A recent paper not yet mentioned on the DML:

Erin E. Maxwell & Benjamin P. Kear (2013)
Triassic ichthyopterygian assemblages of the Svalbard archipelago: a
reassessment of taxonomy and distribution.
GFF (advance online publication)
DOI:10.1080/11035897.2012.759145
http://www.tandfonline.com/doi/full/10.1080/11035897.2012.759145#.Ubnpyfm1FcQ

Ichthyopterygians were amongst the most specialised lineages of
secondarily aquatic amniotes; however, their origin and initial
radiation remain obscure. The stratigraphically oldest and
phylogenetically most basal taxa have been found in Early–Middle
Triassic deposits throughout the northern hemisphere, but one of the
earliest documented and arguably most important localities is the High
Arctic Svalbard archipelago. Like many classic palaeontological sites,
the Svalbard Triassic fossil-bearing horizons are plagued by
inconsistent geological interpretations and taxonomic classifications.
To resolve these conflicts, a comprehensive revision of the various
ichthyopterygian assemblages was undertaken.

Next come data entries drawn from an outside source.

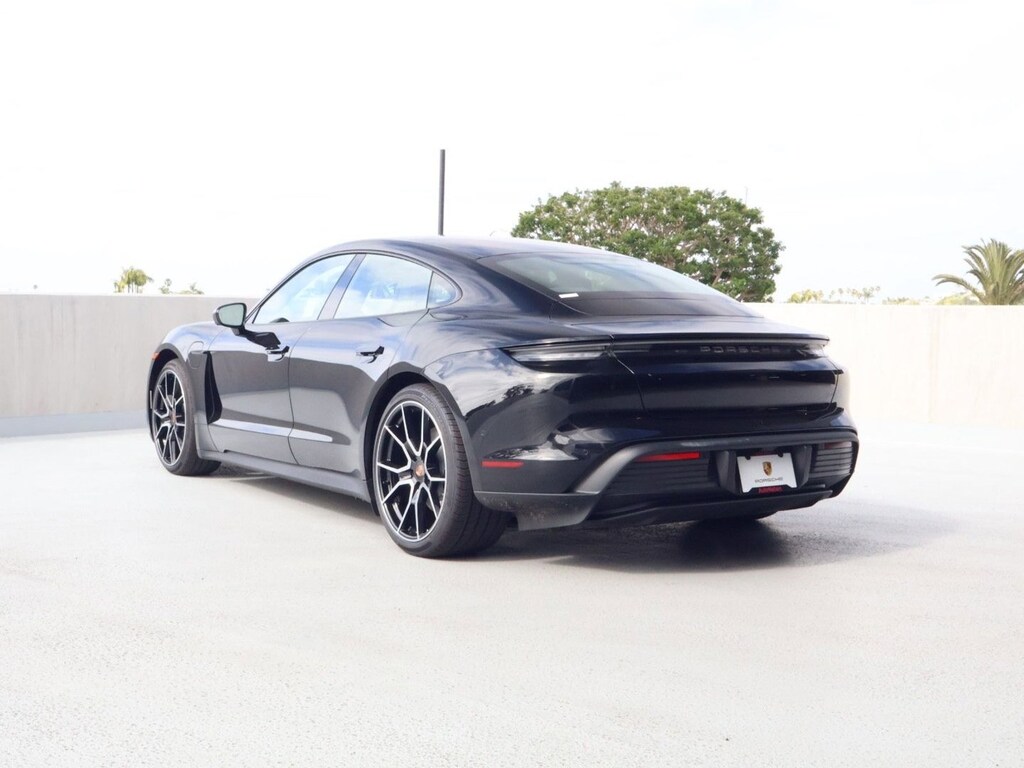 New 2026 Porsche Taycan Sedan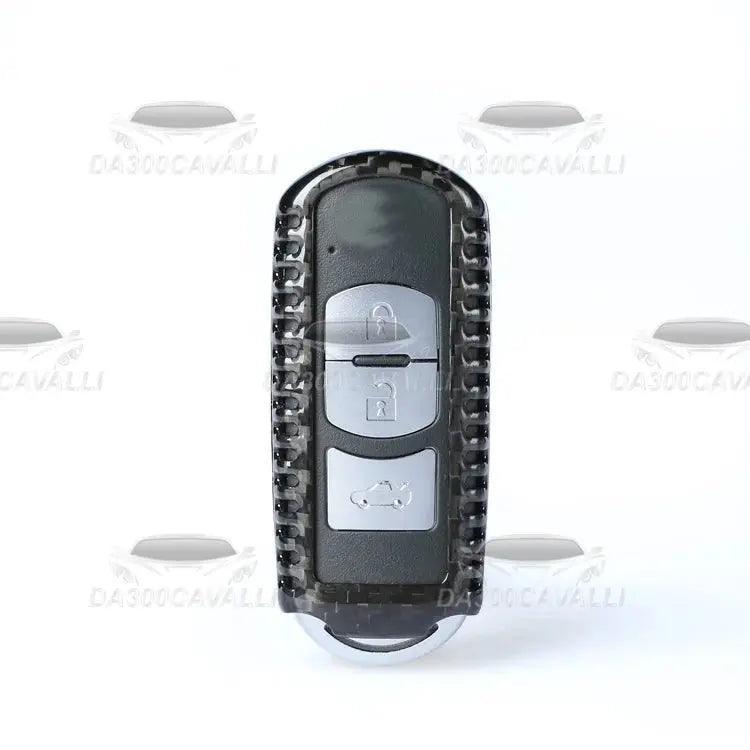 Cover Chiavi In Fibra Di Carbonio Mazda 2 3 6 (2015-2017) - Da300Cavalli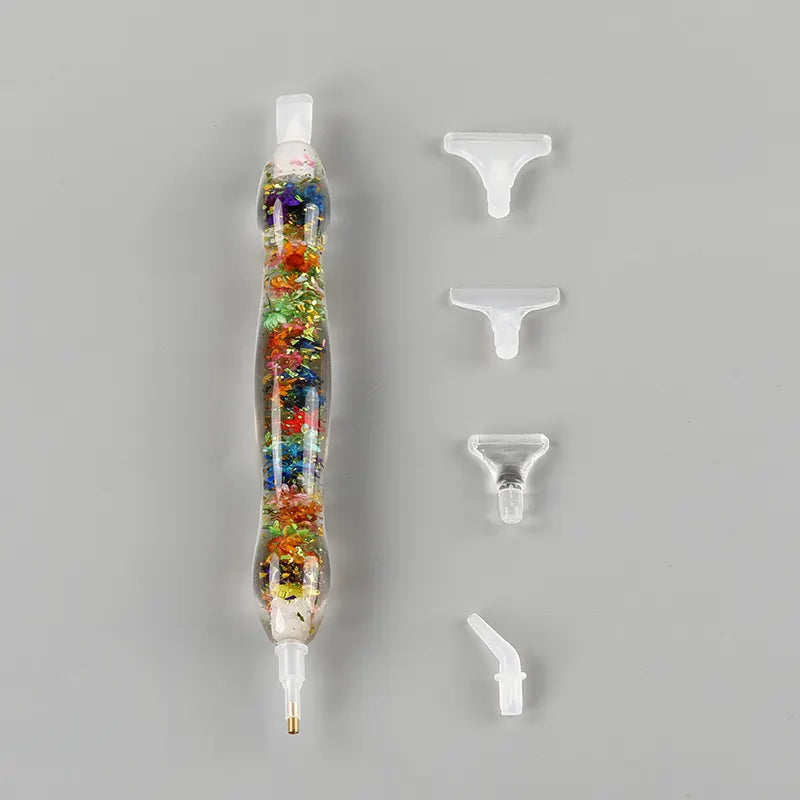 Ergonomische Stiftblumen aus Kunstharz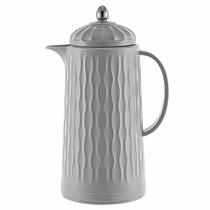 Garrafa Classica Vet Line Com Alça Ergonômica Para Cha/cafe Cinza 1L Com Vedação - Mimo Style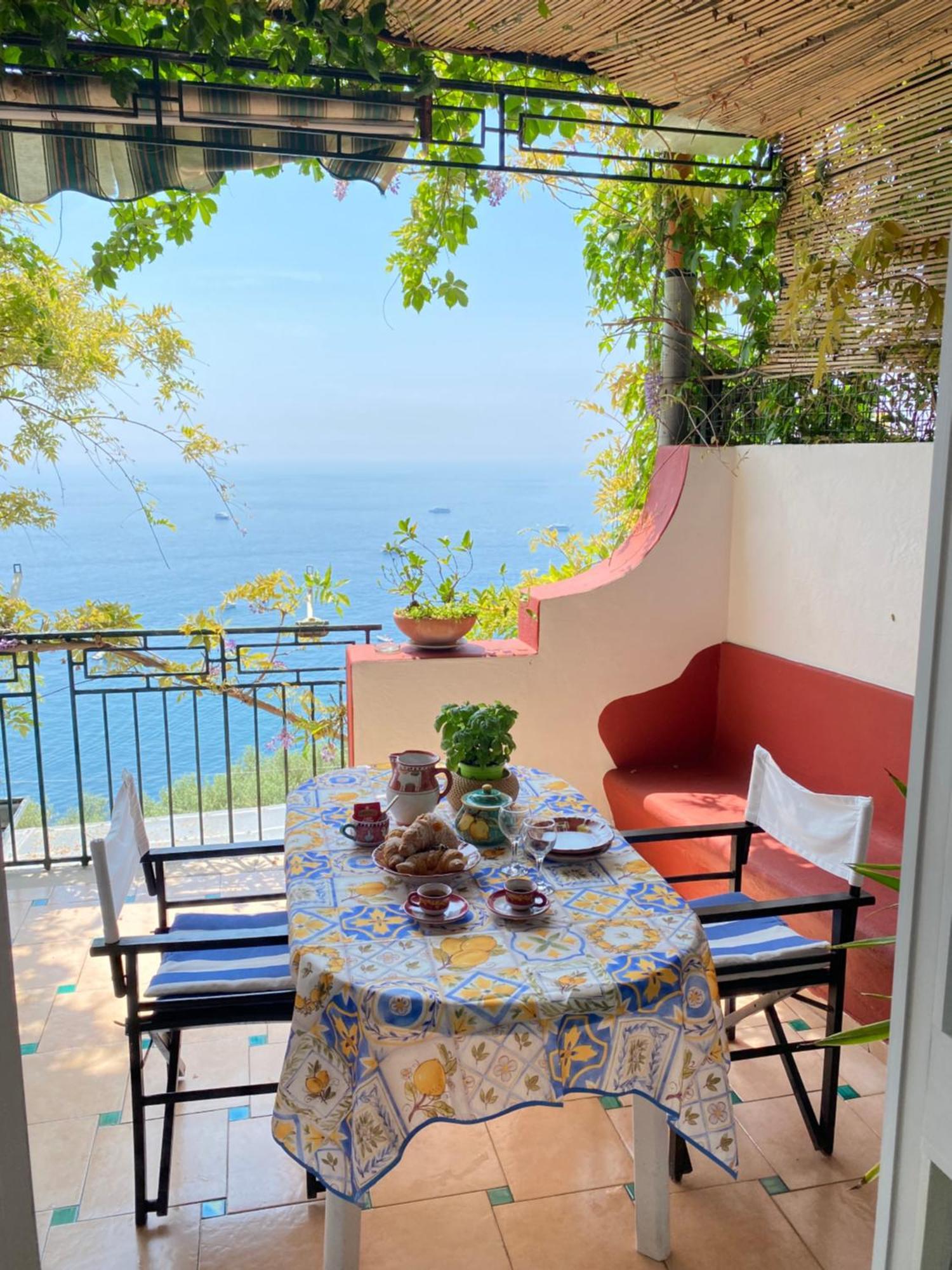Positano'S Flats Apartment Bagian luar foto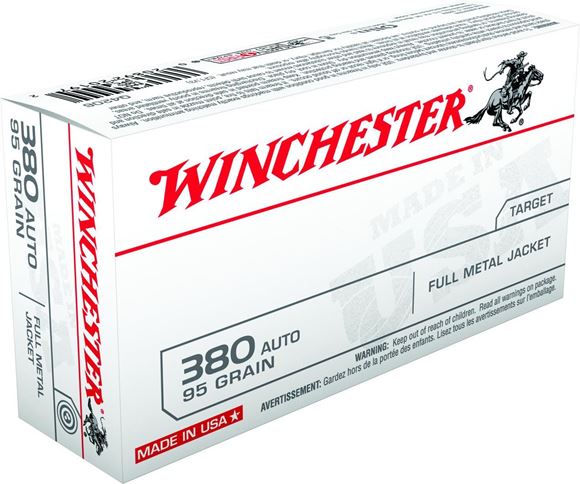 Picture of Winchester "USA" Pistol Ammunition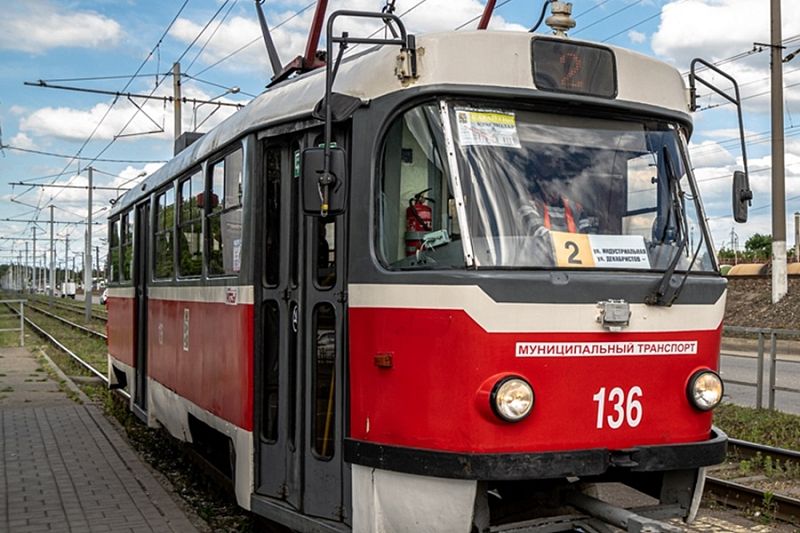 Движение трамваев восстановили в Краснодаре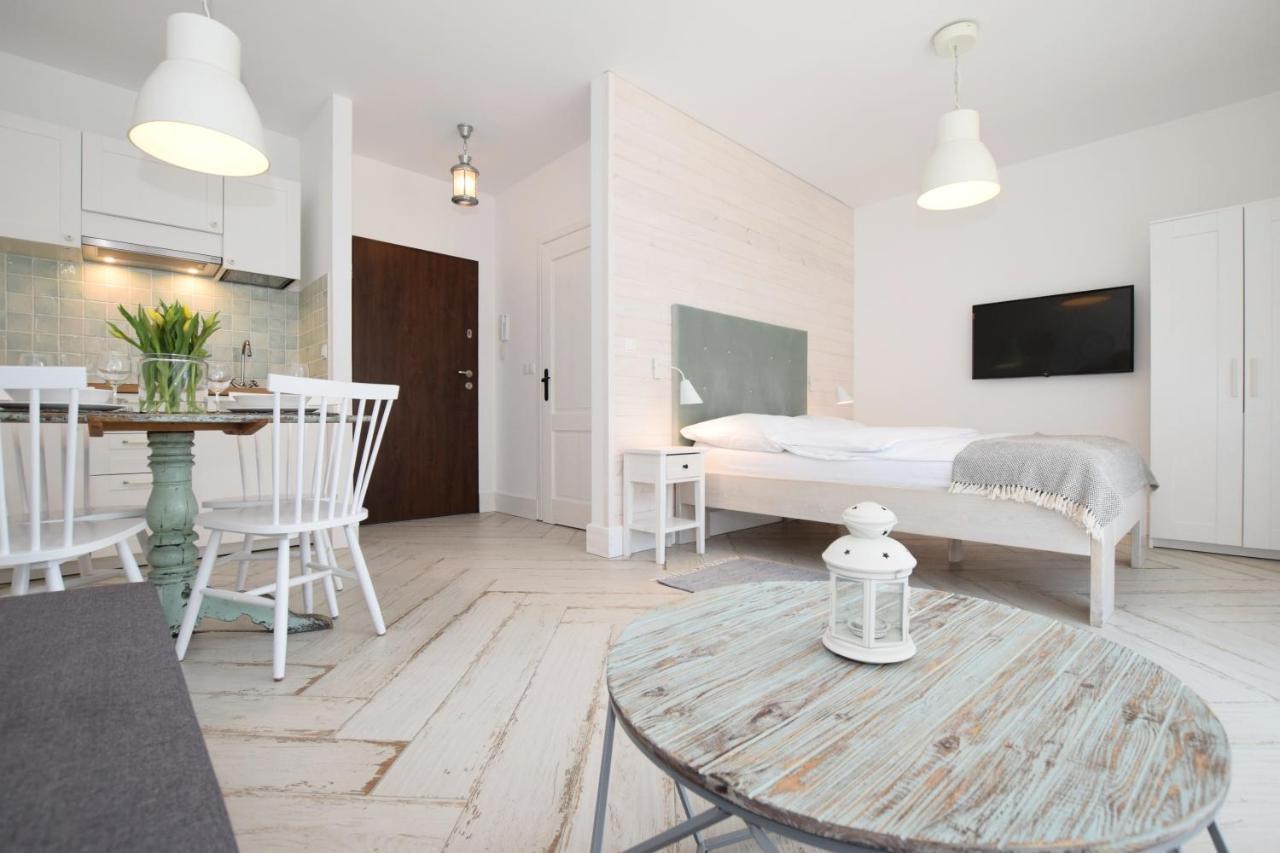 Mietowy Apartament Darlowko Exteriör bild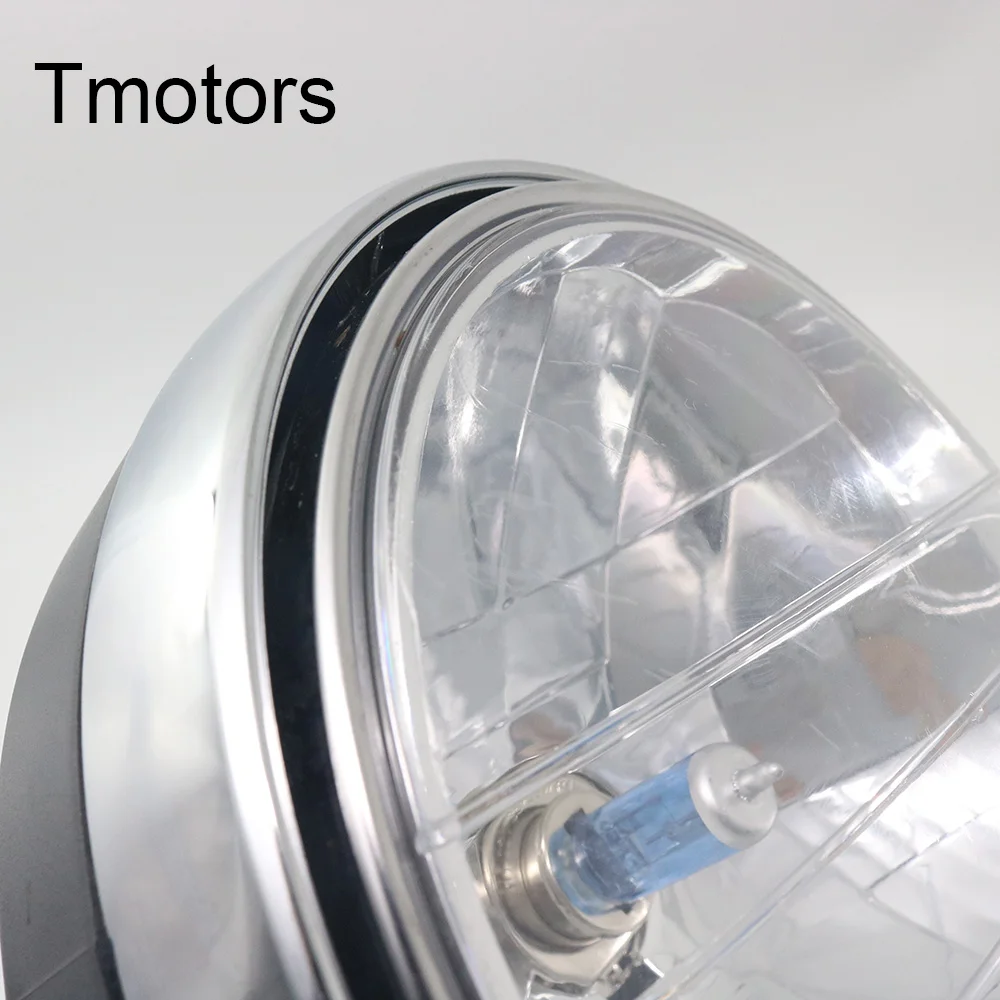 Мотоциклетная круглая передсветильник РА головного света для Honda CB 400 CB400 VTEC I II III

The fossils were found to
be distributed through three sequential rock units: the Olenekian
Vikinghøgda Formation (six discernible taxa distributed over two
distinct horizons), Anisian lower Botneheia Formation (two taxa) and
the Ladinian–Carnian Blanknuten Member of the Botneheia
Formation–Tschermakfjellet Formation (five taxa). Unfortunately, many
of the specimens are non-diagnostic at species-level, although they do
contribute a cohesive picture of marine faunal successions during the
Early–earliest Late Triassic. Indeed, the Svalbard archipelago has
produced one of the most diverse Early Triassic ichthyopterygian
assemblages known worldwide, but is comparatively species poor
throughout the early Middle Triassic, perhaps due to sampling biases.